Just curious, what type of fertilizers do you guys use?

I use MSU, Kelp & Fish extract and Mega Thrive. 

Thanks!


----------



## Erythrone (Aug 27, 2014)

MSU, fish emulsion, Agrogreen, Daniel's, K lite, etc. Kelp and superthrive as supplement. Also bat guano...


----------



## Justin (Aug 27, 2014)

uh-oh, here we go again... 

for me, it's Miracle Gro 30-10-10 Orchid Food and occasional K-Light 1/4 tsp per gallon of tapwater. Also kelp extract twice per month.


----------



## Ray (Aug 27, 2014)

K-Lite at 30 ppm N at every watering, 2-3x/week; KelpMax @2 tsp/gal (1:384) added to it every 4-6 weeks.


----------



## Carkin (Aug 27, 2014)

Good question! I am very interested in what others are using too. I just have a fertilizer from a local orchid greenhouse, so no brand name but it's formula is...15-5-15-5-2 plus micro nutrients.


----------



## papheteer (Aug 27, 2014)

For the salt, I rotate 25-10-10 Plant prod, pure UREA, Calcium Nitrate, Magnesium sulfate, K-lite, and micros with 7% iron. For supplements I rotate 3 types of seaweed namely Kelpmax, General Hydroponics Bioweed and Seaplex. And I give them some amino acids as well!


----------



## Linus_Cello (Aug 27, 2014)

K-lite for growth, and dyna grow blossom booster to promote flowering (is there a K-lite version of blossom booster?).


----------



## Lmpgs (Aug 27, 2014)

Msu and kelpmax.


----------



## PaphMadMan (Aug 27, 2014)

You guys are funny. I use mostly whatever not-terribly-unbalanced water soluble fertilizer with micronutrients is cheapest and most convenient. Some dolomite grit for certain types. I wish I had the capability to make my own compost. If I did then only mounted plants would ever need anything.


----------



## OrquideAlex (Aug 27, 2014)

MSU and KelpMax. I also flush with straight water every month to wash out salt build up. I have K-Lite coming in next week (thanks Ray!), so I'll be giving it a whirl.


----------



## consettbay2003 (Aug 27, 2014)

I'm getting the impression that Rick is of the opinion that K-Like might benefit from additional Mg and P.


----------



## NYEric (Aug 27, 2014)

eOrchids said:


> Just curious, what type of fertilizers do you guys use?

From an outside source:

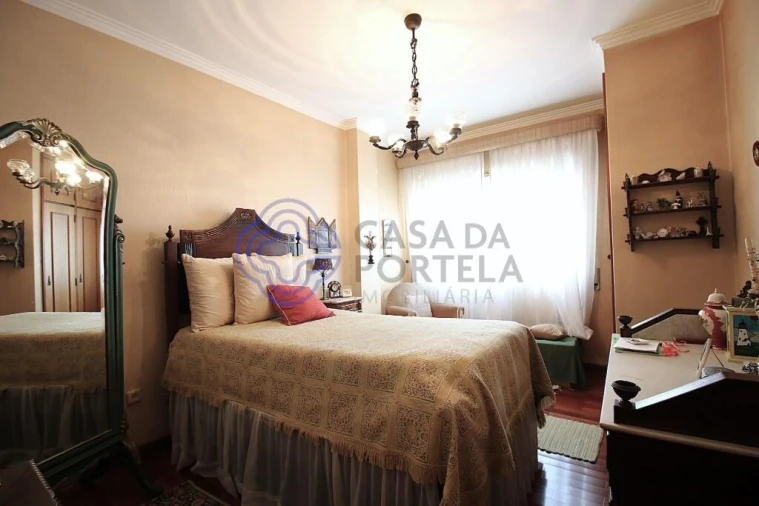 Apartamento T4 para Venda em Paranhos Foto 24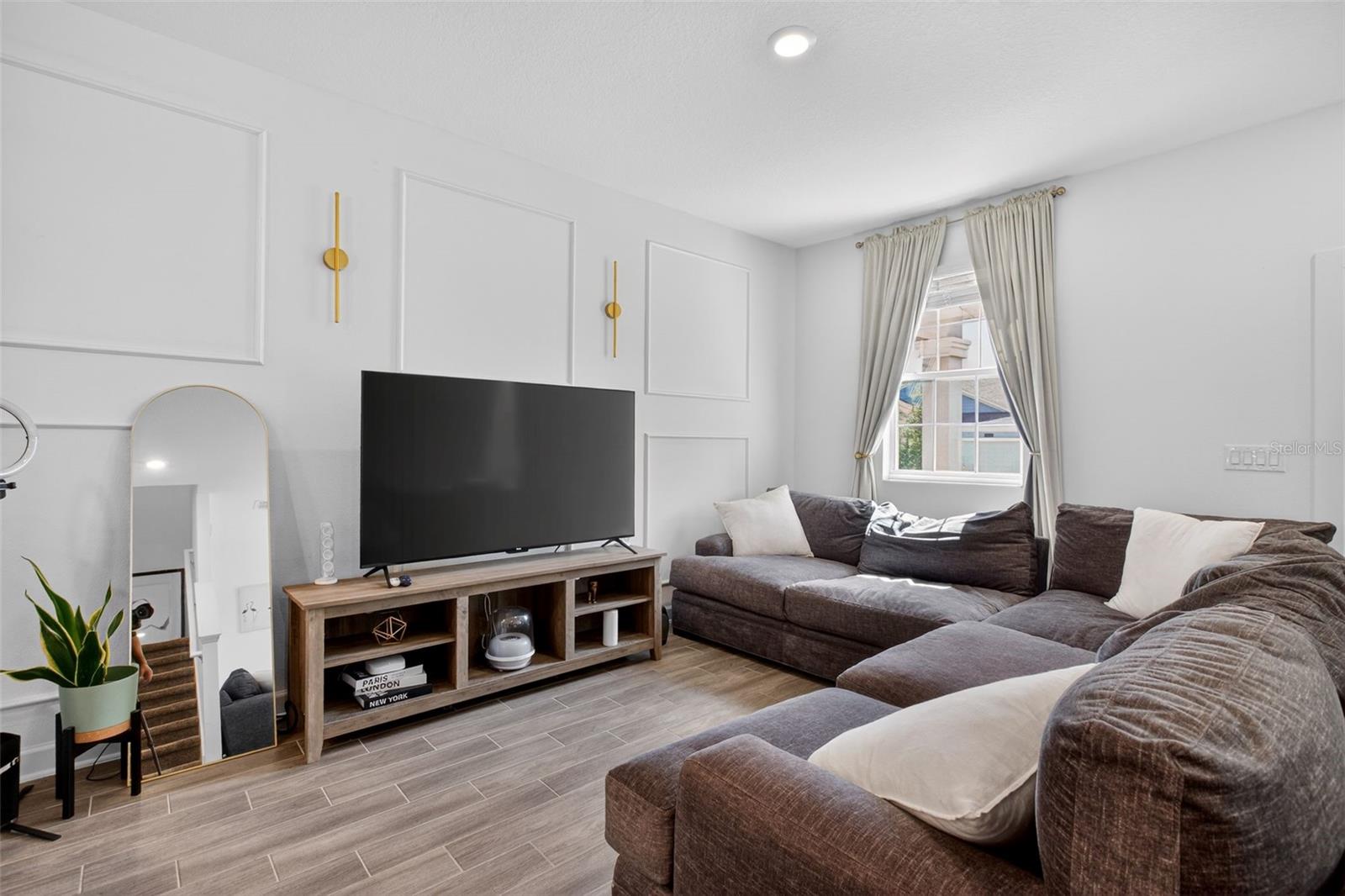 Image 5 of 32 For 3025 Ella Way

OMG! why don't you just go over to Newark airport and yell that you have a bomb!!???oke:

K-lite, Superthrive, Neptune's Harvest Organic Fish and Seaweed fertilizer, 
Alternated with 
Miracle grow 30-10-10, Superthrive, Neptune's Harvest Organic Fish and Seaweed fertilizer.


----------



## Stone (Aug 27, 2014)

Iv'e been mixing Klite with Phostrogen to give me a pretty balanced (for me:evil feed. The Phostrogen is high K and has a little Urea and ammonium with about 50% nitrate. And we know what klite is so when I mix them 50/50 I end up with K lowered by 50% and nitrate to ammonium about 75 to 25 but I haven't really done the figures, they could be different. I give at about 0.2 to 0.4 dS/m (depending on the growth of the plant)almost every watering.
Kelpak once a month, and home made liquid organic at 0.1 dS/m occasionally.
Pure N (from home made ammonium nitrate...so not really pure) now and then at 0.2 dS/m (this is mainly for the microbes working on the bark not so much for the plants...but who really knows what the hell is going on in a pot!


----------



## AdamD (Aug 27, 2014)

K-lite, 1/2 tsp + 1 drop superthrive most waterings
K-lite, 1/4 tsp + 20-20-20, 1/4 tsp (50% nitrate, 25/25 ammonia/urea) occasionally,once every 2/3 weeks, more so in fall
Kelp extract only 1x a month, or when I remember
Foliar feed 20-20-20, 1 tsp once every week or two
All added to RO water
Barely ever water without additives. Can't remember the last time I did...


----------



## troy (Aug 27, 2014)

Anybody ever use sea grow 16 -16-16


----------



## naoki (Aug 27, 2014)

This year, I'm trying 15ppm N from K-Lite + 15ppm N from Ammonium Nitrate for every watering (2x per week), hoping that the bark deteriorate slower than it used to do. So it is super high N, and I agree with Mike that there seem to be some evidence that the mixed source of N is safer bet for a wider range of genera. I occasionally use 5-1-1 Alaska Fish Fertilizer to support local economy (actually it is not AK based company).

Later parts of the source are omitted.